Para o historiador, a Europa deu um "tiro no pé" ao compactuar com a estratégia norte-americana de impor sanções a países como a Rússia, ao perderem acesso a recursos energéticos de baixo custo e aumentarem dependência maior em termos tecnológicos.
"Eles [Europa] estão entrando em recessão por causa de sanções e políticas propostas pelos Estados Unidos, contrárias aos seus interesses e que beneficiam os Estados Unidos na sua competição pelos mercados globais”, disse ele. “As sanções, ainda que sejam consideradas forma de pressão política, na verdade é guerra econômica pura, uma outra face da guerra que os Estados Unidos estão travando com os países concorrentes para manutenção da sua hegemonia".
Trump e Rússia
Ao comentar as declarações de Lavrov sobre as relações da Rússia com o futuro presidente dos EUA, Donald Trump, o historiador afirmou que ainda é cedo para prever as ações de Trump, após sua posse, apesar dos sinais deixados por suas recentes declarações de que seu governo será mais intervencionista.

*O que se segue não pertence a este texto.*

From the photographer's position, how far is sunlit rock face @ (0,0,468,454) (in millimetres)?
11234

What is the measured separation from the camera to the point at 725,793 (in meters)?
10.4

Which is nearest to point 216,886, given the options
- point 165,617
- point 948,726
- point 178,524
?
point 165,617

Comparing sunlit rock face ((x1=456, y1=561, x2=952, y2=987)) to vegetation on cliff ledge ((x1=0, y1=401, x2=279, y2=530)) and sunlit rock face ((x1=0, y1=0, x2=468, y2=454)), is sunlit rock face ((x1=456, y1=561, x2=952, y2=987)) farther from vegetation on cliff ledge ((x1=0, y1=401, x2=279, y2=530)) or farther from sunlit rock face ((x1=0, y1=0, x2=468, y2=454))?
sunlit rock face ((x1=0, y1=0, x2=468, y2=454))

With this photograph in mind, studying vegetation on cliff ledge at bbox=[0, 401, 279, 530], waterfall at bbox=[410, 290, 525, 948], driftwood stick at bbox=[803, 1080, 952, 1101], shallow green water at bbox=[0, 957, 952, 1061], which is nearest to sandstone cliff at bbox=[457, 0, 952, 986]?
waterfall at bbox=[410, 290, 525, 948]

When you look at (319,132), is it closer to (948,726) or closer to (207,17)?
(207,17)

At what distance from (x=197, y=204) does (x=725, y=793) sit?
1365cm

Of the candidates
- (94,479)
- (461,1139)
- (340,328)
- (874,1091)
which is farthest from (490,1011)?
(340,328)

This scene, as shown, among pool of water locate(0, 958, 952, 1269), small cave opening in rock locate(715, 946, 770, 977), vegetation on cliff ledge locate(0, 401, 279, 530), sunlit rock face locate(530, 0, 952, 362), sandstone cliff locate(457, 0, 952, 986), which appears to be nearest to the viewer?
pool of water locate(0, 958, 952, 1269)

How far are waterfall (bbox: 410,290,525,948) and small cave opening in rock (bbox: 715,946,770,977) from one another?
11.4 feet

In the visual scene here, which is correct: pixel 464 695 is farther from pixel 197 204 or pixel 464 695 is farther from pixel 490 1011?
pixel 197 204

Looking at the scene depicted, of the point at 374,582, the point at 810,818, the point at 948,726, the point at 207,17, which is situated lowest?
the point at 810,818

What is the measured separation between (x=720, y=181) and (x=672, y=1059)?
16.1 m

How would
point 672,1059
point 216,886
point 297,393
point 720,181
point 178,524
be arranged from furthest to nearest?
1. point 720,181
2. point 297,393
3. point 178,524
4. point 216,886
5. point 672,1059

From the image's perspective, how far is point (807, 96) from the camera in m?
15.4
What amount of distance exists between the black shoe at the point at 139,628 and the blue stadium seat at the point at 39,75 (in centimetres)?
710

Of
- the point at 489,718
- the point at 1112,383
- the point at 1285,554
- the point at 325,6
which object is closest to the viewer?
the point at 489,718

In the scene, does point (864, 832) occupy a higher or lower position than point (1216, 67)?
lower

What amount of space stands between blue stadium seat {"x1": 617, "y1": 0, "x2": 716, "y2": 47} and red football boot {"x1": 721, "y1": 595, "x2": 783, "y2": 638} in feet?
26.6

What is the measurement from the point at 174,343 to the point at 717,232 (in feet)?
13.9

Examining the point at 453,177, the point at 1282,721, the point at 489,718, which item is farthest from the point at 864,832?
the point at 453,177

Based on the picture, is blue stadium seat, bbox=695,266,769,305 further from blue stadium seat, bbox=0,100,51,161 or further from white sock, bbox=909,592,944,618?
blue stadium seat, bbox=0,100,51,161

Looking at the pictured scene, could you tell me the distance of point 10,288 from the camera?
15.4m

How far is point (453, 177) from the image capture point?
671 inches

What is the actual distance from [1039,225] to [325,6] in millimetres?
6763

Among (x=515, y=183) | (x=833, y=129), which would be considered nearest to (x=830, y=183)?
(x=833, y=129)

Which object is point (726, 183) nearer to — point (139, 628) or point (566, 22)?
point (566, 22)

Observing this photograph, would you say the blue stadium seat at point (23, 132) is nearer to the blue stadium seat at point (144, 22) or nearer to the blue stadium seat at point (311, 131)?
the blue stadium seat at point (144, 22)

"Pode não ser sobre o aspecto militar, mas que ele vai ser mais assertivo nas relações internacionais, naquilo que ele considera interesse norte-americano, não tenho dúvida. E as propostas para a Ucrânia deverão considerar muito mais os interesses americanos e russos em relação à Ucrânia do que os interesses ucranianos nessa história", opinou.
Rússia e Brasil
Para Cabral, o apoio da Rússia ao Brasil não é mero simbolismo e isso ficou claro em uma das falas de Lavrov, quando voltou a defender a participação permanente do Brasil e da Índia no Conselho de Segurança das Nações Unidas, além do assento permanente africano.
"Nem a China se manifesta tão incisivamente, é que não é a primeira manifestação da Rússia em favor do Brasil e da Índia para um assento no Conselho de Segurança, até porque os Estados Unidos começam o jogo com 3 a 0. Porque a França e o Reino Unido normalmente votam em conjunto com os americanos. E há uma relação de poder que já está amplamente ultrapassada", completou Cabral.

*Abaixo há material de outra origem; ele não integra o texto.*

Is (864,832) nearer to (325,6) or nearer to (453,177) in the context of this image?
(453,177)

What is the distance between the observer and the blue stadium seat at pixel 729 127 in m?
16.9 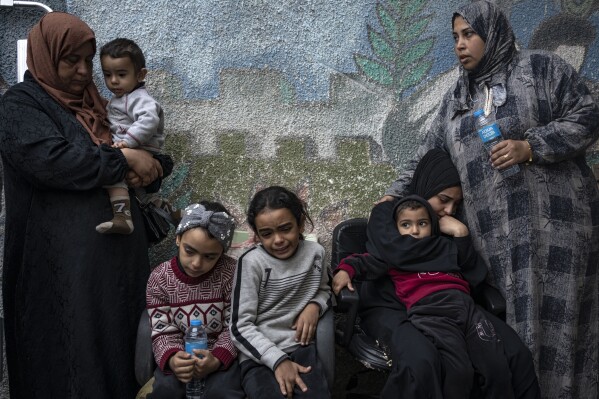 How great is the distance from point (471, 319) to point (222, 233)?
1.24 m

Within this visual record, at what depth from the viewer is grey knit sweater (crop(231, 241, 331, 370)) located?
341 cm

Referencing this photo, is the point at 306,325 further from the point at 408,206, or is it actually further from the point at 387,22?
the point at 387,22

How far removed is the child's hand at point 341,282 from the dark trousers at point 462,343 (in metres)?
0.32

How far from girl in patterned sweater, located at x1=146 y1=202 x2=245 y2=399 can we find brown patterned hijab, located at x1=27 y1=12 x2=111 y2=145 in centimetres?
71

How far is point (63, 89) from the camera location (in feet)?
12.2

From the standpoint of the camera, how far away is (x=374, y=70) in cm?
471

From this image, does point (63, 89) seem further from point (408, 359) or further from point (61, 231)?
point (408, 359)

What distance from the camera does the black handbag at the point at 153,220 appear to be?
3928 mm

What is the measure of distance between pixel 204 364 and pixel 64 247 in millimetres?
899

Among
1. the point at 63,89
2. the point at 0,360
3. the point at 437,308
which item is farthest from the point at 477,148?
the point at 0,360

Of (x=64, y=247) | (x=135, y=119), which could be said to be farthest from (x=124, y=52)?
(x=64, y=247)

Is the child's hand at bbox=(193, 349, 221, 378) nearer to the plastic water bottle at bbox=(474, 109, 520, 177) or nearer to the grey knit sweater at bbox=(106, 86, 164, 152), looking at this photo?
the grey knit sweater at bbox=(106, 86, 164, 152)

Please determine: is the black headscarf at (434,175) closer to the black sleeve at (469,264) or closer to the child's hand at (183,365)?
the black sleeve at (469,264)

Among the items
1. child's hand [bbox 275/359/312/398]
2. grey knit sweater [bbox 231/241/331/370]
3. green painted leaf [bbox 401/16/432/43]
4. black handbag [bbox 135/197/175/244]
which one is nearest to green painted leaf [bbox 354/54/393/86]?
green painted leaf [bbox 401/16/432/43] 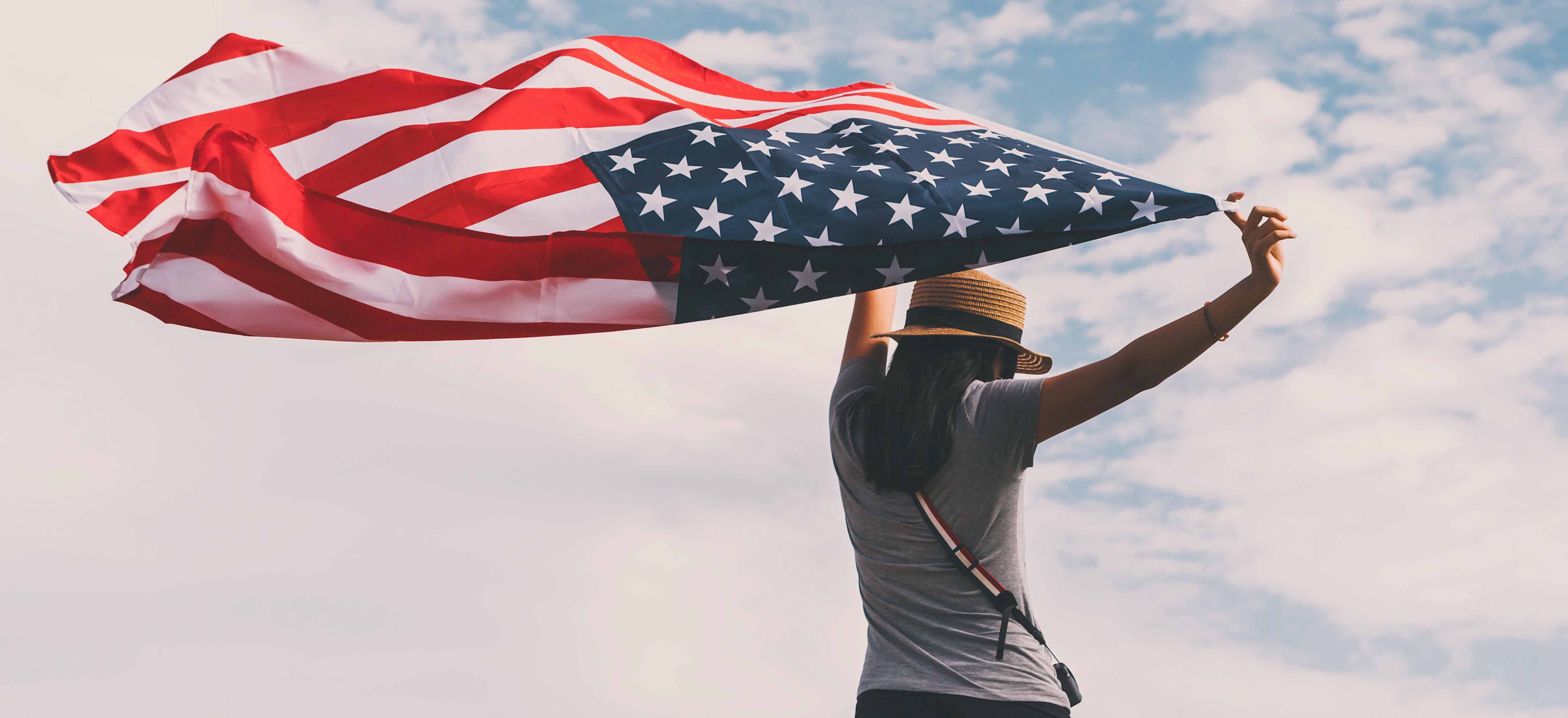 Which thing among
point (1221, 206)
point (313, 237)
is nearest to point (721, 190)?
point (313, 237)

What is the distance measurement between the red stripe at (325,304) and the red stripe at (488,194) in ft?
1.35

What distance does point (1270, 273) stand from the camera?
3.36m

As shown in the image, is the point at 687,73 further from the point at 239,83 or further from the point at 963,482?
the point at 963,482

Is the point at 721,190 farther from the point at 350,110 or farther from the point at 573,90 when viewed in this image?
the point at 350,110

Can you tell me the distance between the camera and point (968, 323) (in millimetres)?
3840

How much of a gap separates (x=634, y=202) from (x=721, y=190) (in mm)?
355

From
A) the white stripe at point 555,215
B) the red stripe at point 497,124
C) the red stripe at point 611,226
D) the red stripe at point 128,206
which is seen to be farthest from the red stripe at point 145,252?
the red stripe at point 611,226

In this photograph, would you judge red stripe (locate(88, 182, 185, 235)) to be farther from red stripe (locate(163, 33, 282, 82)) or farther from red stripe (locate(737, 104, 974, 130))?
red stripe (locate(737, 104, 974, 130))

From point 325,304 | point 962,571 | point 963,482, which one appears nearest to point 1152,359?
point 963,482

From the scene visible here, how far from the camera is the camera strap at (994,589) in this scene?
3.45 m

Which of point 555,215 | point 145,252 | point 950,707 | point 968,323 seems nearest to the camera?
point 950,707

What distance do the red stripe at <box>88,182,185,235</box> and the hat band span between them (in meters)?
3.04

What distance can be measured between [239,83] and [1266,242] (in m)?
4.27

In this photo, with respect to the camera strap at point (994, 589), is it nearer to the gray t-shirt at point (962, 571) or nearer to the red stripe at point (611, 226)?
the gray t-shirt at point (962, 571) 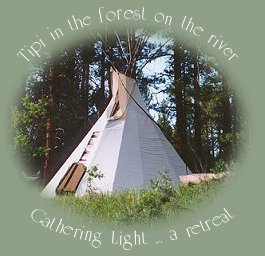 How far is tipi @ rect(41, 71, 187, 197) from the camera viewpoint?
682cm

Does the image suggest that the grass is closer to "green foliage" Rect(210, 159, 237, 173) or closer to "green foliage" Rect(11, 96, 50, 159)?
"green foliage" Rect(210, 159, 237, 173)

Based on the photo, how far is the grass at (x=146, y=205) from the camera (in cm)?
461

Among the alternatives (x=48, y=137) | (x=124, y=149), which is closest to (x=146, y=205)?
(x=124, y=149)

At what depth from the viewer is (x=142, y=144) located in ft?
24.4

Além do apoio político, o analista destacou vários outros benefícios que a parceria estratégica com a Rússia pode trazer para os países do Sul global, como transferência de tecnologia em várias áreas desde a energética, exploração de metais, produção de alimentos, segurança, entre outras.
"Deveríamos ter uma mente mais aberta, ver melhor a situação russa, até porque o equipamento é tecnologicamente competitivo em relação ao Ocidente, com uma relação custo-benefício muito menor. Então nós deveríamos estar mais atentos às possibilidades de cooperação técnico-científica com relação à Rússia [...] isso aí não é uma questão ideológica, eu acho que é uma questão de preconceito mesmo, passa governo, seja ele um governo mais progressista ou seja um governo mais conservador, e as relações com a Rússia ficam sempre em segundo plano, tem uma explicação lógica".